Ci manca(va) un venerdì – 48
Sul fraseggio Pirandello, Gide e Jung… e destreggiandosi nell’abuso di maiuscole… l’astrofilosofo (alias Fabrizio Melodia) prova a vedere cosa c’è sotto le maschere
«Ah, no! Volti la pagina, signora! Se lei volta la pagina, vi legge che non c’è più pazzo al mondo di chi crede d’aver ragione»: così Luigi Pirandello, noto per il suo sistematico disvelamento delle maschere che coprono pietose le nostre intime meschinità, l’ipocrisia e il mal costume (celato sotto l’onnipresente buonismo e perbenismo dell’italica gente, ma non solo).
La denuncia di Pirandello evidenzia un sentimento che lui definiva “del contrario”: di fronte all’incredibile falsità di ogni sistema o scienza umana, rendere chiaro quanto ogni aspetto della vita sociale sia schematizzato e irrigidito da regole imposte… imposte certamente dall’alto ma da chi … tanto bene non si sa.
La Ragione era un tempo appannaggio di pochi (fra i migliori?) poi sempre più democratica e aperta a tutti, luce nelle tenebre della superstizione e della natura ostile (e/o incompresa?) alla fine però diventa appannaggio anche di strani fanatismi – di cui ancora non si comprende la portata – eppure continua a rivestire un ruolo fondamentale nella determinazione della Verità; se è ancora possibile osare di scrivere questa parola con la maiuscola.

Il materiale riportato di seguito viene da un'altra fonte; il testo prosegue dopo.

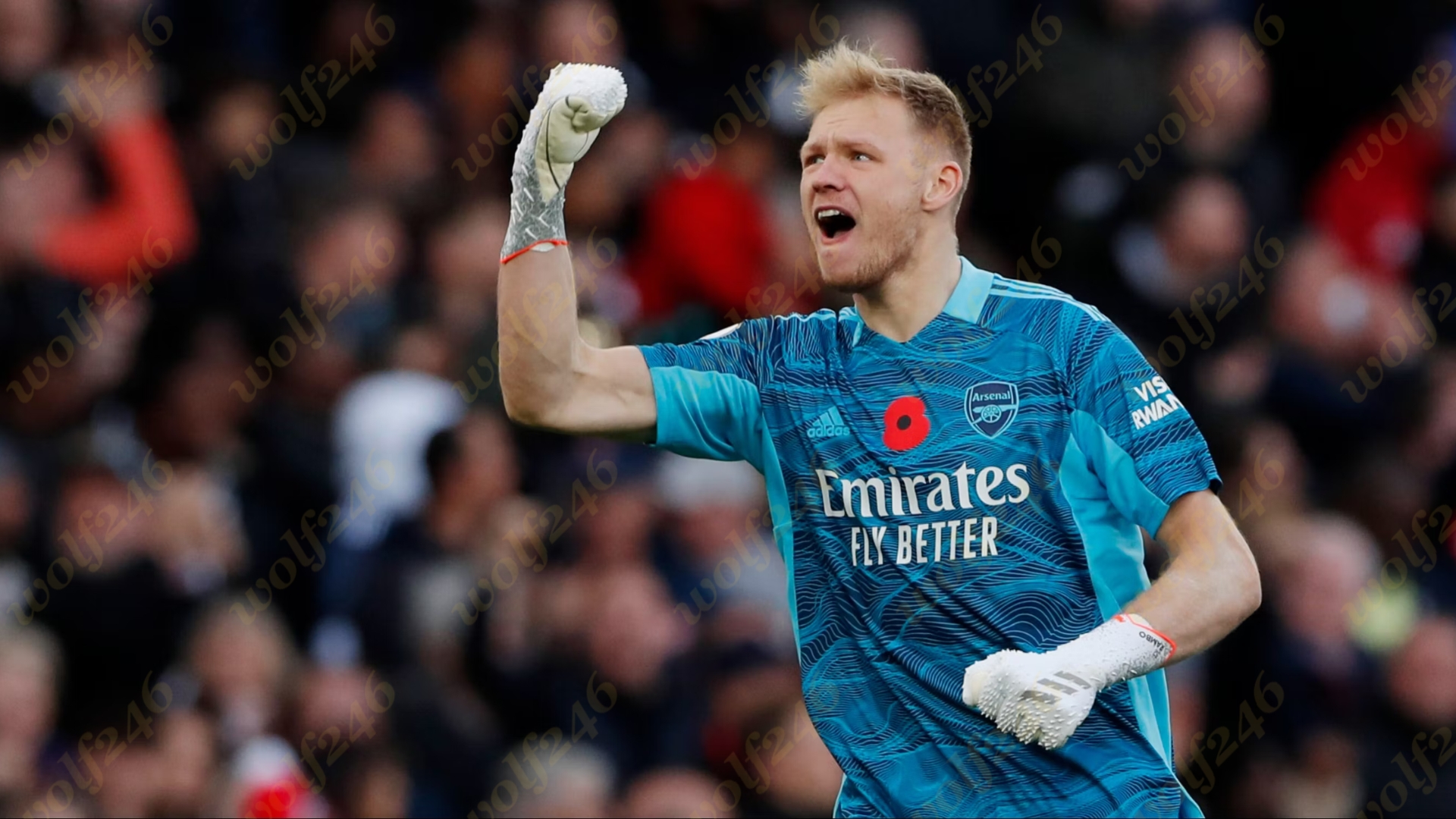 Arsenal កំណត់តម្លៃខ្លួនប្រមាណ ៦០លានផោន សម្រាប់ Ramsdale នៅទីផ្សារខាងមុខ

Tale «Verità», come ben si comprende proprio da Pirandello, è correttamente cercata nella pratica del disvelamento (in greco antico, verità si traduce con “aletheia”, ovvero «ciò che è privo di nascondimento»): nella sua evoluzione essa si è sempre più identificata con la Verità Rivelata, fino alla Verità Oggettiva della scienza o presunta tale. In tal senso, ai giorni nostri, assistiamo a un modo molto superficiale di vivere la Verità, più o meno a tempo di spot, dove la “verità” di un prodotto viene sbandierata come la panacea di tutti i mali: la capacità d’attenzione e il Ragionamento – che della Ragione dovrebbe essere la pratica vitale – trova in queste frazioni una fine davvero brutta.
Si ascolta poco e si ragiona sempre meno, adattandosi agli spezzoni di news, fino a diventare fanatici della fede nella “Ragione” dei tg, dei Seggi Papali (maiuscoliamo a più non posso… per l’appunto), dei Talk Show e, ancora peggio, del nostro piccolo mondo, privo di ogni confronto e di costruttive discussioni.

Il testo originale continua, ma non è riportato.